■ **Data segment**
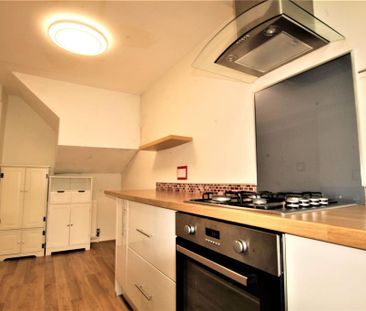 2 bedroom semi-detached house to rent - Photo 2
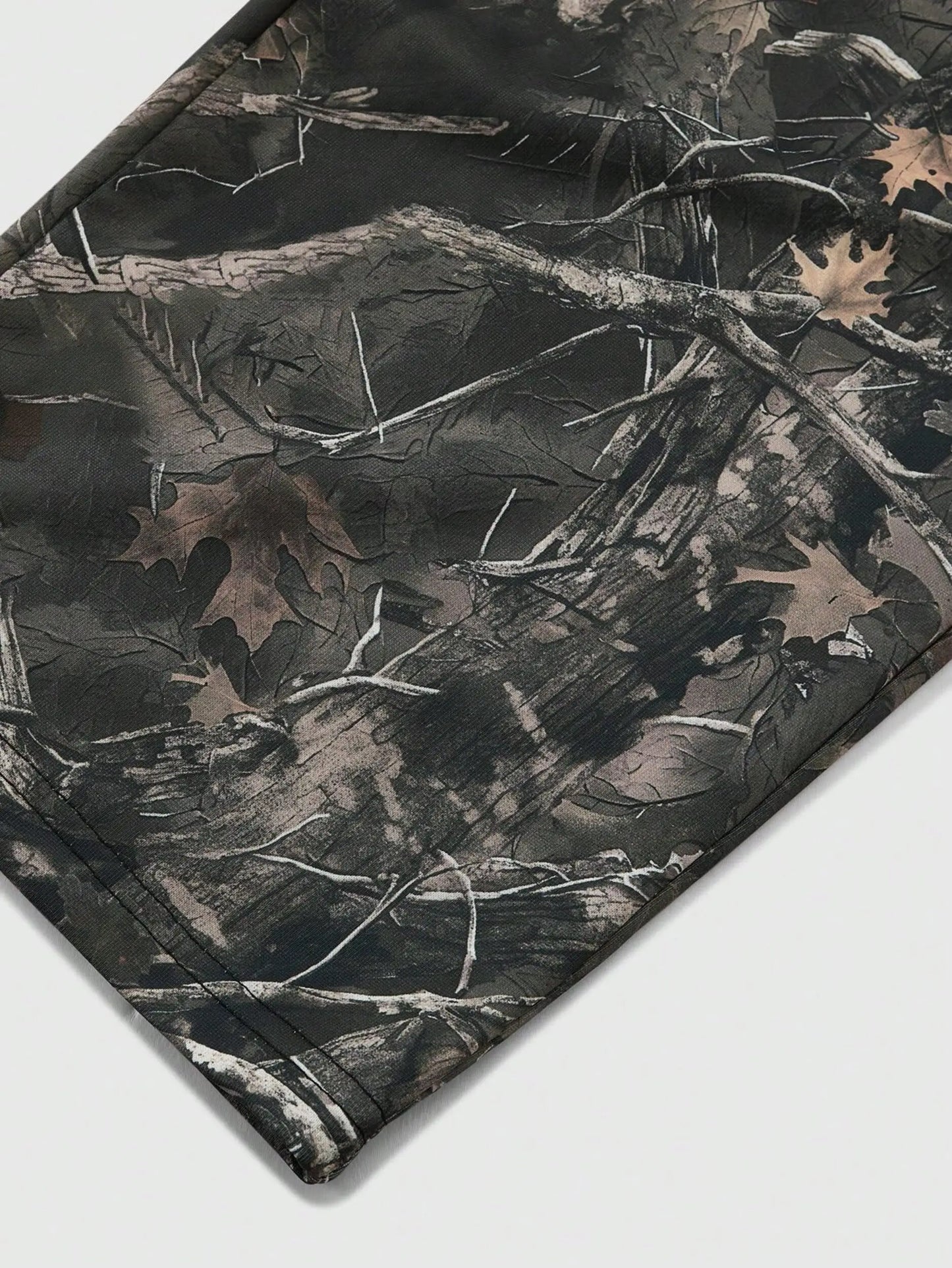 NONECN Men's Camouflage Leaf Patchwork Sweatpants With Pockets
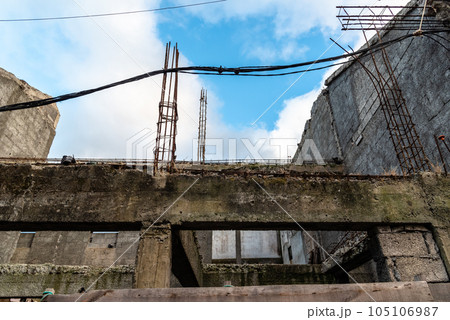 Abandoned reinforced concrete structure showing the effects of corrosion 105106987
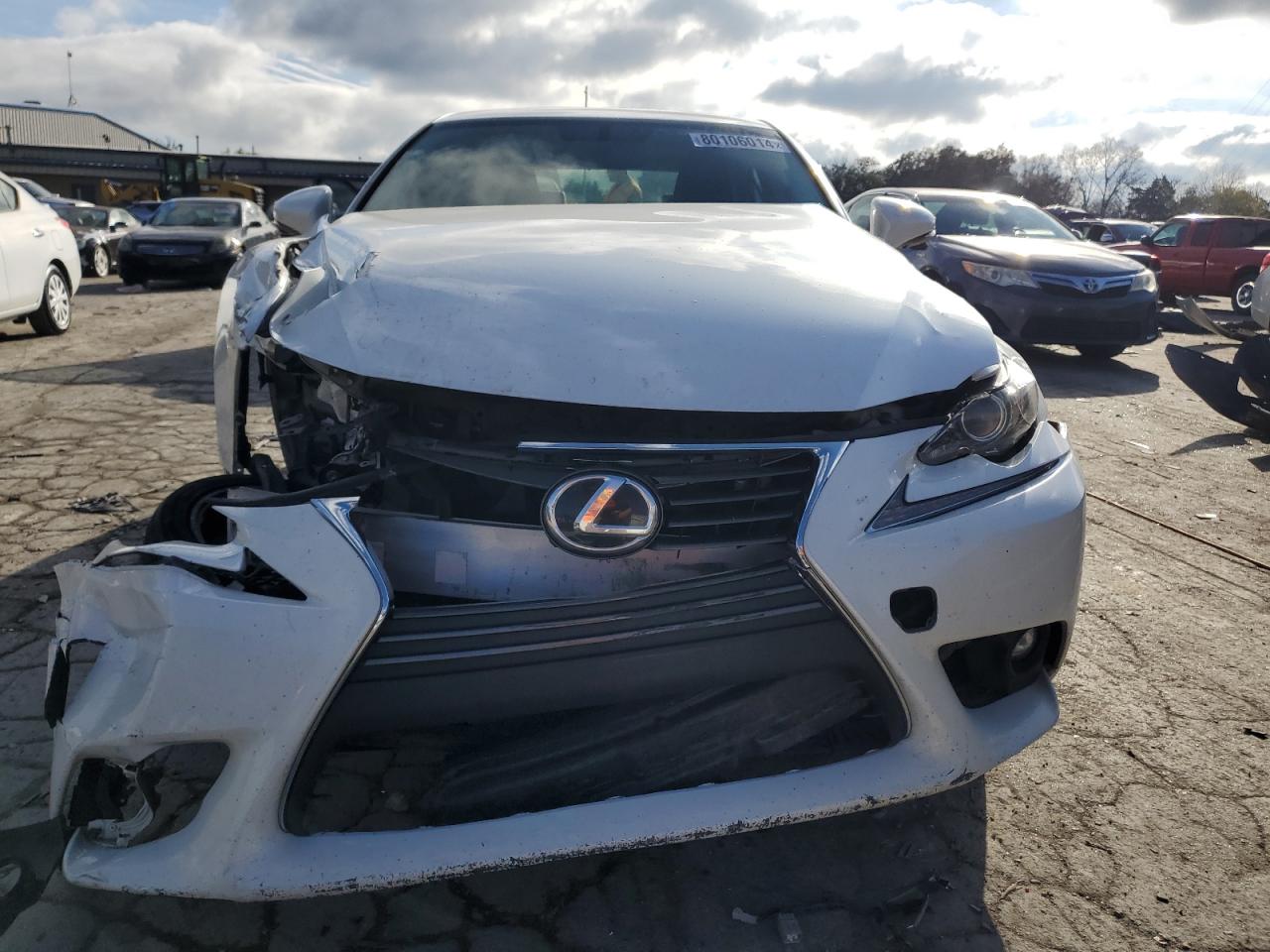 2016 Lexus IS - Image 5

■ **Task goal**
Could you retype each line of the material above exactly, skipping the pictures?

■ **Solution for this exercise**
 2 bedroom semi-detached house to rent - Photo 2
 NONECN Men's Camouflage Leaf Patchwork Sweatpants With Pockets
 Abandoned reinforced concrete structure showing the effects of corrosion 105106987
 2016 Lexus IS - Image 5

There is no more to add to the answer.